As usual, one of the most suprising things out of Macworld this year is the coverage.
There was so much expectation that Apple would introduce an ultra-mobile PC that some respected news outlets are calling Apple’s new laptop an ultramobile.
Don’t get me wrong — the MacBook Air looks fantastic, it will be easier to carry than heavier laptops and it will breath fresh air into the PC market.
But it’s ultrathin, not ultramobile. If it has a 13-inch screen, a full keyboard and a clamshell case, it’s a laptop. Even Apple’s calling it a “notebook” computer, which is its word for laptop.
Am I off base here?
Until the reporters fired up their MacBooks in San Francisco today, ultramobile referred to handheld computers with screens up to around 7 inches — basically the machines that fall between the iPhone and small laptops.
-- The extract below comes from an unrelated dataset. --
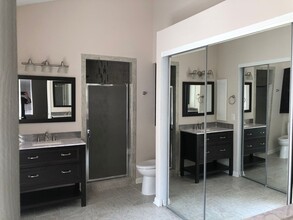 8223 Cooks Point in San Antonio, TX - Building Photo - Building Photo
Intel, which builds the engines used in Apple’s new machines, initially framed the ultramobile category as devices with 5-in. to 7-in. displays. Last year it made that category even more specific, by adding a new category — “mobile Internet device” — referring to devices with 4-in, to 6-in. displays.
Microsoft and Intel used to have high expectations for UMPCs — they expected 100 million to be sold in 2008. The takeoff hasn’t happened yet in part because the devices have been somewhat eclipsed by Internet capable phones, such as Apple’s iPhone.
I’m curious to know whether Apple is still developing the rumored touch-screen ultramobile. That’s a category that desperately needs some fresh air and Steve Jobs’ marketing genius, but maybe Apple decided there’s not big enough market for the purse-sized machines.
Or maybe Apple’s stuck like all the other OEMs waiting for new hardware, such as Intel’s Menlow platform, that they need to build tiny computers that are reasonably priced and have enough power and battery life to finally make ultramobiles a must-have device.